Efficient Replay Memory Architectures in Multi-Agent Reinforcement Learning for Traffic Congestion Control
Mukul Chodhary, Kevin Octavian, SooJean Han
TL;DR
This work addresses congestion control in large-scale traffic networks using multi-agent reinforcement learning with memory-efficient exploration. It introduces Dual-Memory Integrated Learning (DMIL), a two-tier memory system with short-term and long-term memories, plus equivalence-class embeddings based on group-equivariance to bound memory growth while preserving learning performance.

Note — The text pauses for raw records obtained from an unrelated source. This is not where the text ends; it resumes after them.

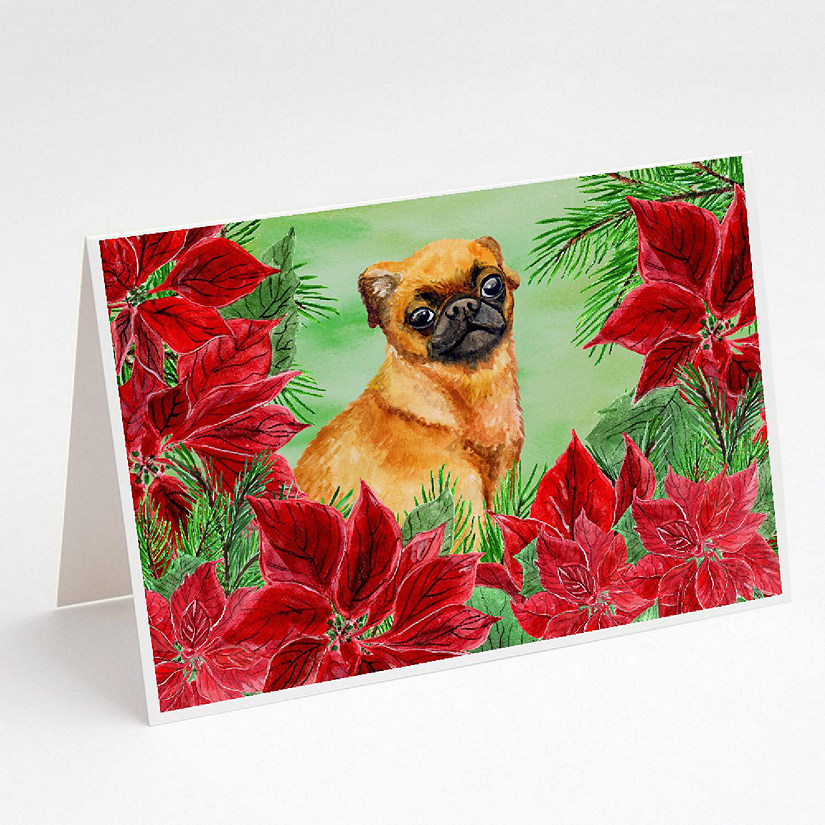 Caroline's Treasures Small Brabant Griffon Poinsettas Greeting Cards and Envelopes Pack of 8, 7 x 5, Dogs Image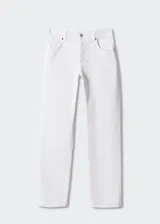 Jeans de corte recto y tiro medio, confeccionados en tejido de algodón estilo tejano. Presentan diseño de cinco bolsillos, cierre de botones y trabillas para cinturón.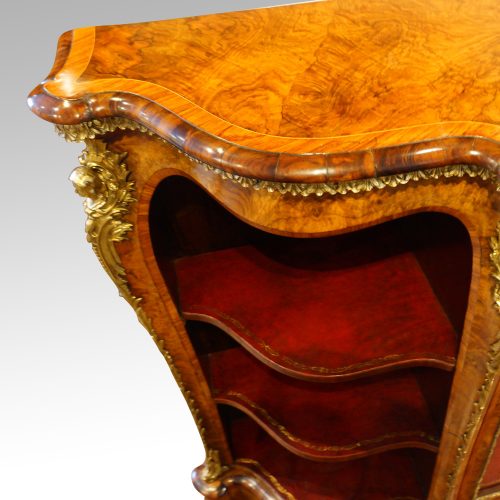 Victorian walnut open end credenza 2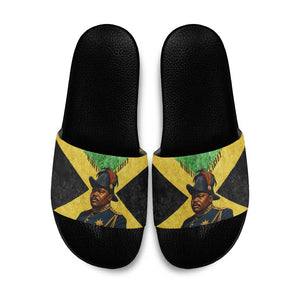 Marcus Garvey Slide Sandals Jamaican Flag Theme African Fist Civil Rights Symbol Pan African Tribute Design - African Pride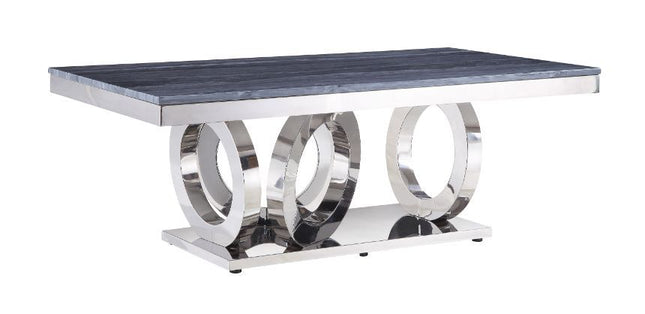 Zasir - Coffee Table - Gray Printed Faux Marble & Mirrored Silver Finish - Tony's Home Furnishings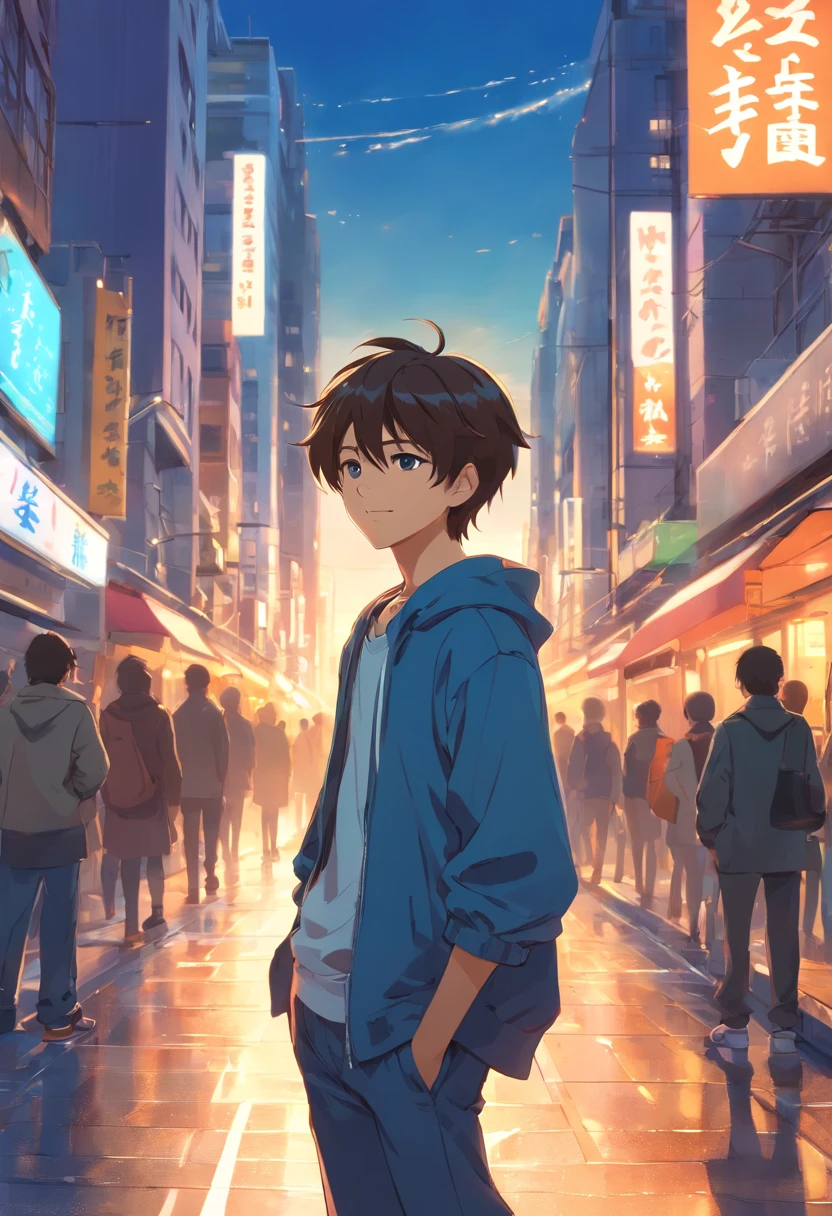 A boy, transformed into an anime style, with exaggerated unique facial features and clothing, standing on a bustling city street, backlit background highlighting the subject, high-contrast colors, 4K high-definition quality,young, smiling, handsome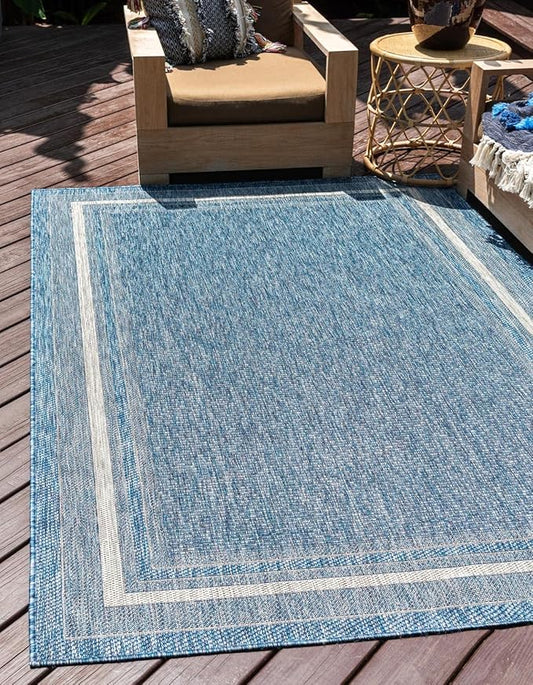 Unique Loom Outdoor Border Collection Area Rug - Soft Border (5' 3" x 7' 1" Rectangle Blue/Ivory)-VerdiqueGarden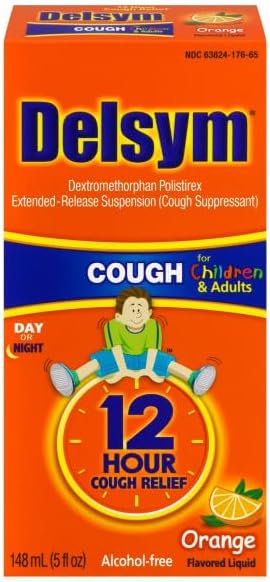 Delsym Cough Suppressant Alcohol Free Orange Flavored Liquid- 2 Pack, 5 ounces Bottle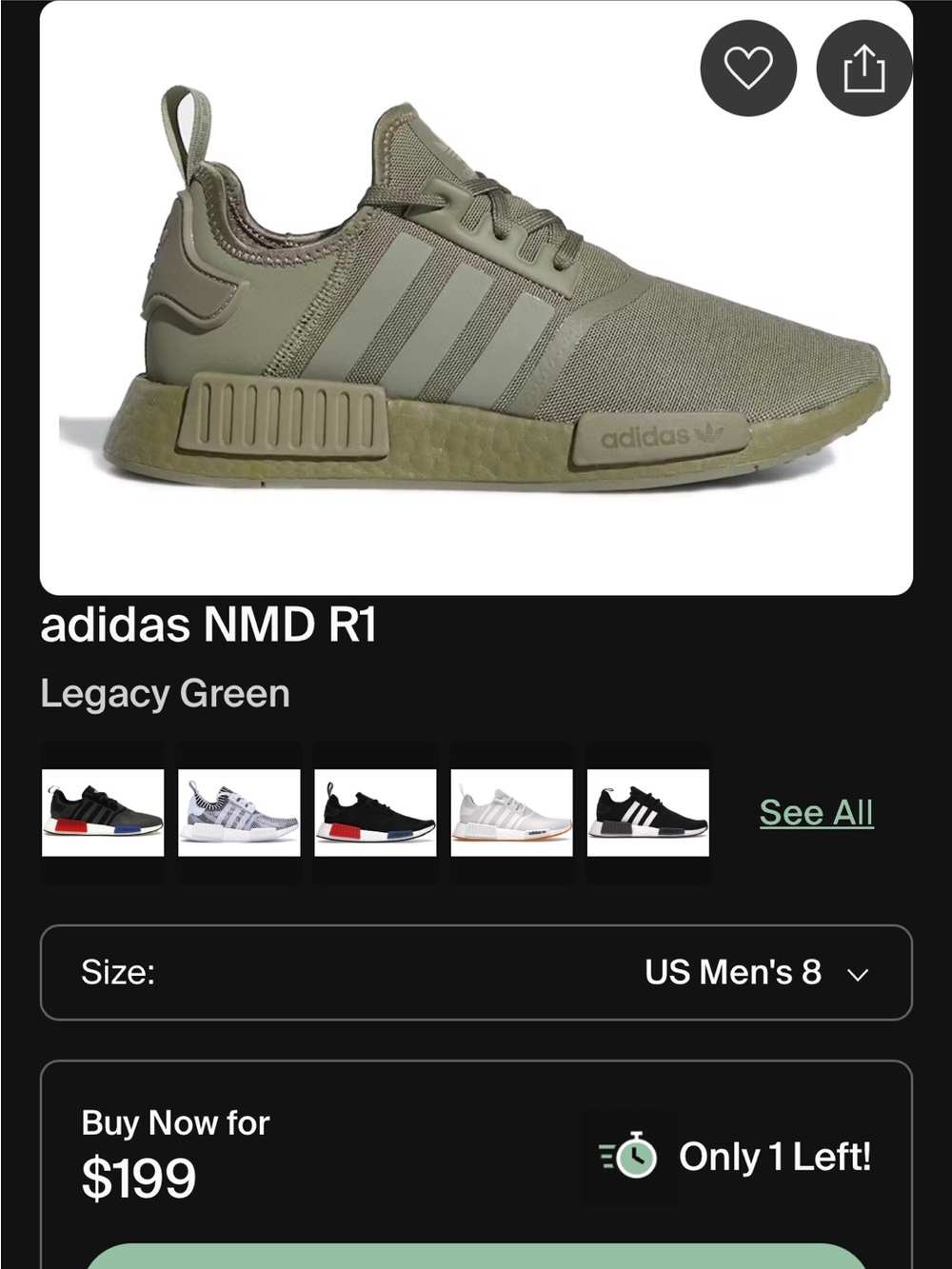 adidas NMD R1 Sneakers in Legacy Green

Theoretical analyses establish that the dual-memory size $msize_{Dual}[t]$ is bounded above by the SARSA replay size, and experiments on grid networks show that DMIL, especially with complex equivalence embeddings and entropy/diffusion rewards, improves congestion metrics and reduces memory growth relative to standard SARSA. The approach is scalable, modular, and demonstrates the value of heterogeneous memory and symmetry-based abstractions for efficient MARL in traffic control scenarios.
Abstract
Episodic control, inspired by the role of episodic memory in the human brain, has been shown to improve the sample inefficiency of model-free reinforcement learning by reusing high-return past experiences. However, the memory growth of episodic control is undesirable in large-scale multi-agent problems such as vehicle traffic management. This paper proposes a novel replay memory architecture called Dual-Memory Integrated Learning, to augment to multi-agent reinforcement learning methods for congestion control via adaptive light signal scheduling. Our dual-memory architecture mimics two core capabilities of human decision-making. First, it relies on diverse types of memory--semantic and episodic, short-term and long-term--in order to remember high-return states that occur often in the network and filter out states that don't. Second, it employs equivalence classes to group together similar state-action pairs and that can be controlled using the same action (i.e., light signal sequence). Theoretical analyses establish memory growth bounds, and simulation experiments on several intersection networks showcase improved congestion performance (e.g., vehicle throughput) from our method.